Low birth weight (LBW), defined by the World Health Organization as a birth weight of less than 2.5 kilograms, is a major public health concern with significant implications for neonatal morbidity, mortality, and long-term health outcomes. LBW prevalence is particularly high in developing countries, contributing to substantial healthcare challenges and socio-economic burdens. This study examines the determinants of LBW in Nigeria, focusing on socio-demographic, economic, and health-related factors. This cross-sectional study utilizes data from the 2018 Nigeria Demographic and Health Survey (NDHS). A stratified two-stage cluster sampling method was employed, and data were collected through structured interviews. The analysis included socio-demographic characteristics, economic status, health factors, and birth weights, which were classified into LBW and normal birth weight categories. Ethical approval was obtained, and informed consent ensured participant confidentiality. The analysis revealed significant associations between LBW and several factors. Higher maternal education levels were linked to lower odds of LBW. Religious affiliation also impacted LBW, with Muslim mothers having a lower likelihood of LBW compared to Christian mothers. Ethnicity influenced LBW outcomes, with Igbo mothers showing higher odds of LBW compared to Yoruba mothers.
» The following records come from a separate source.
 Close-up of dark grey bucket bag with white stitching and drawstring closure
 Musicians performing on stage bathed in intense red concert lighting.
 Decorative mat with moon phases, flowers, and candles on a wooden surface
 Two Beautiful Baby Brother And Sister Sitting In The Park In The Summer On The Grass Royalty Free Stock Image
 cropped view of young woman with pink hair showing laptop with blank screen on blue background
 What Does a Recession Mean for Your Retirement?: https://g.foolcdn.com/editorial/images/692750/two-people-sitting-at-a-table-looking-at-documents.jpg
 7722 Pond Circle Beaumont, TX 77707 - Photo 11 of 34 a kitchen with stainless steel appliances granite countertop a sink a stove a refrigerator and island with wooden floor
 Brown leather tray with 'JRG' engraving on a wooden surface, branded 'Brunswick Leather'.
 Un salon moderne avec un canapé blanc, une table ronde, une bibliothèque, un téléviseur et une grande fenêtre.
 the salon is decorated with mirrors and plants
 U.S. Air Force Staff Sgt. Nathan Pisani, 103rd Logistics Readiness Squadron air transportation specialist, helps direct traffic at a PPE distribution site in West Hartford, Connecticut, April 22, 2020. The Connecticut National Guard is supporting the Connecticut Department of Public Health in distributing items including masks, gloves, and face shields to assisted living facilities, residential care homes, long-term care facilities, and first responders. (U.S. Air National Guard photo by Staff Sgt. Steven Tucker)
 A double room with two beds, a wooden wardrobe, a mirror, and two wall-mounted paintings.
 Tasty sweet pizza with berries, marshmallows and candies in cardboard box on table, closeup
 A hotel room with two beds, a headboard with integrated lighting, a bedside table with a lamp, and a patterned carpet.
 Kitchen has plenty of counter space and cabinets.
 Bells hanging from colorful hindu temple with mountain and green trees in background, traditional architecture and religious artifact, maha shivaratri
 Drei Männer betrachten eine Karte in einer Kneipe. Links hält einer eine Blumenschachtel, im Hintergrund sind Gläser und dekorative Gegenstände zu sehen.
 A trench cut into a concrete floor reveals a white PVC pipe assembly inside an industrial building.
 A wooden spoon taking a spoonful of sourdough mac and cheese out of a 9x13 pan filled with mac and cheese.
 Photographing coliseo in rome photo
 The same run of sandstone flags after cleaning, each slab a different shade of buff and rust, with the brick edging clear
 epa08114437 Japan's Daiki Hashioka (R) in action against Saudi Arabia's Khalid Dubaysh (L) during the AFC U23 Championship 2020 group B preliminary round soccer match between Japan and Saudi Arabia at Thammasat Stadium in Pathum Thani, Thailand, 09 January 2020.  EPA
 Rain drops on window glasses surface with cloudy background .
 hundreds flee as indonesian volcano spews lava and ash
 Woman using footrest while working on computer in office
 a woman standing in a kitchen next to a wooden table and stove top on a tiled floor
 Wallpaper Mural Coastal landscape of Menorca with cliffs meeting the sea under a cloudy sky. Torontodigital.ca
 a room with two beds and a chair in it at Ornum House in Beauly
Economic stability and urban residency were associated with reduced LBW risk. Health factors such as maternal BMI and frequent antenatal visits were protective against LBW. Geographic disparities indicated higher risks in northern Nigeria. The study underscores the multifactorial nature of LBW, highlighting the importance of maternal education, socio-economic support, and healthcare access. Tailored interventions addressing ethnic and religious contexts, along with region-specific strategies, are essential. The Bayesian STAR model's superior performance suggests that spatial and non-parametric considerations provide deeper insights into LBW risk factors. Comprehensive, multifaceted strategies and policies are needed to address the determinants of LBW, focusing on vulnerable populations and regional disparities.